The Sankey diagram (S2 Fig) shows for each true label y the wrong logits y’ that has been identified in an easy-to-read manner. For a better reading, the wrong logits mislabelled 1 and 2 times for each label and subject independently were removed from the Sankey Diagram. Some movements of the sign language were confused because of similarities between them or difficulty from the LeapMotion to correctly detect all joint positions. For instance, Two was confused with Three, Seven with height and Four with Five. Indeed, it was sometimes difficult for the LeapMotion sensor to differentiate the numbers of extended fingers. Movement such as dog (forearm in supination with index finger extended and snap the thumb with the middle finger) is difficult to record by the LeapMotion since the thumb and the middle finger are hidden by the palm and can be confused with one (index finger extended) and brush (index finger extended moving in front in the mouth). Thanks consist of only moving the forearms with the hand flat and finger close to each other while warm consists of the same movement with finger performing and abduction during the movement. The model may receive too limited information to perfectly differentiate both signs.
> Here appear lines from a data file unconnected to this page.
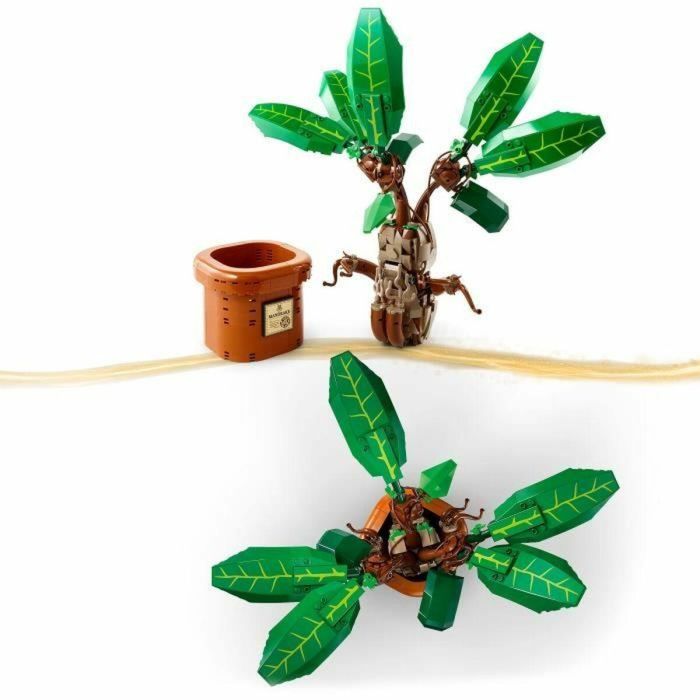 LEGO Harry Potter 76433 Mandrágora - Planta y Maceta - Idea de Regalo Mágico para Niños 4 LEGO Harry Potter 76433 Mandrágora - Planta y Maceta - Idea de Regalo Mágico para Niños 4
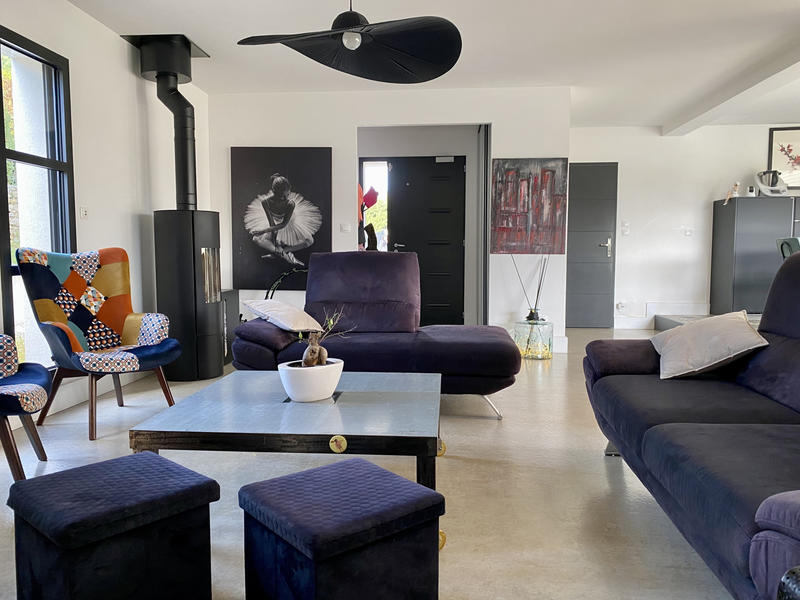 Maison - 185 m² - 7 pièces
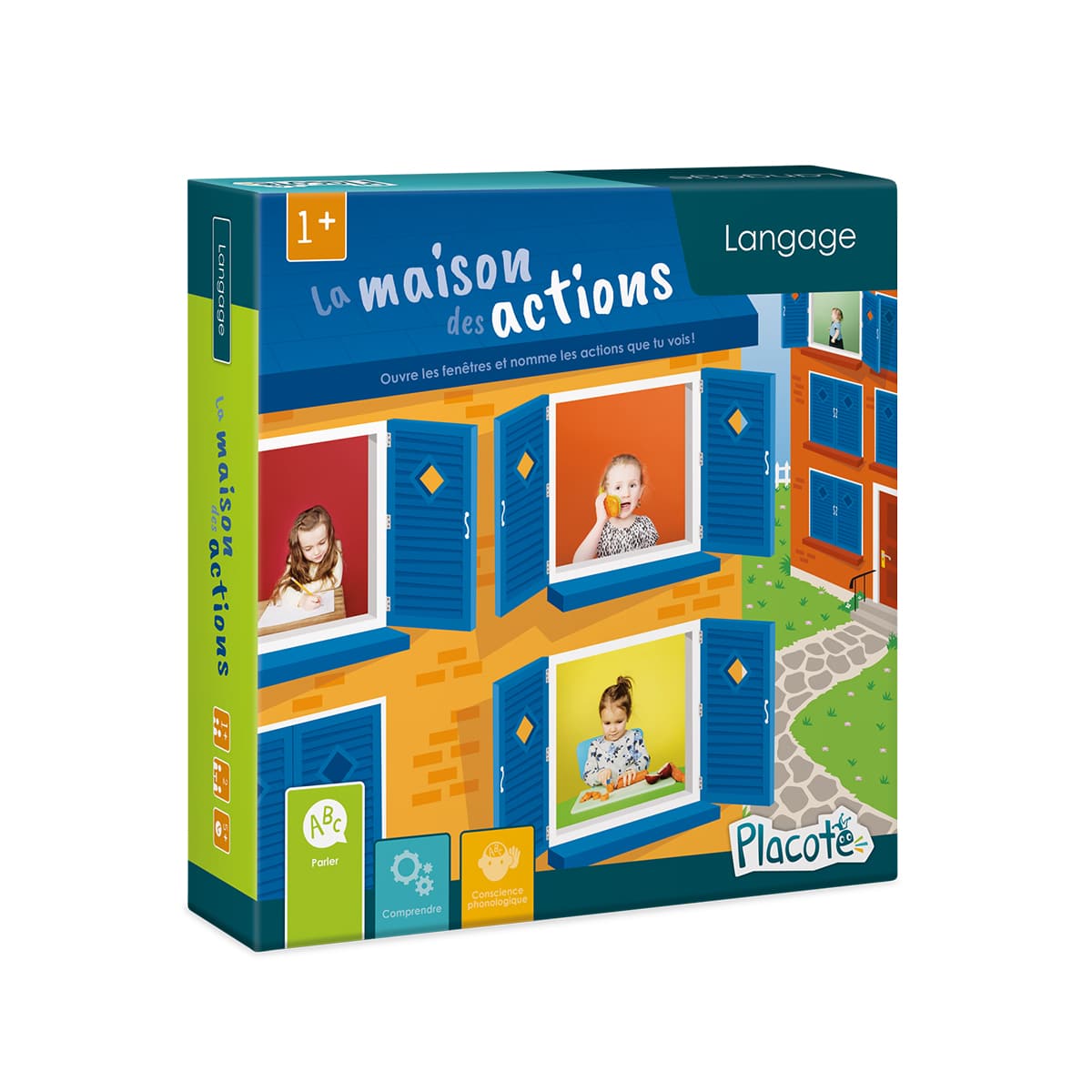 Placote  Jeu La maison des actions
The same problem is observed with car, coat, and cold since they are movements that require moving the forearms with the fists closed which may also provide too limited information given the model here used to be differentiated properly. Finally, Dad was confused with Mom since they required the same hand movement to be performed except that the position in front of the head is different from the thumb position at the chin and at the forehead respectively. Despite this, Dad was confused with Mom for 23% in the test set showing the capability of the DeepConvLSTM to differentiate the slight difference in the global dynamics of the movement. Improvement in the hand tracking with depth-sensor may leverage these problems and would help to reach higher accuracy in the future.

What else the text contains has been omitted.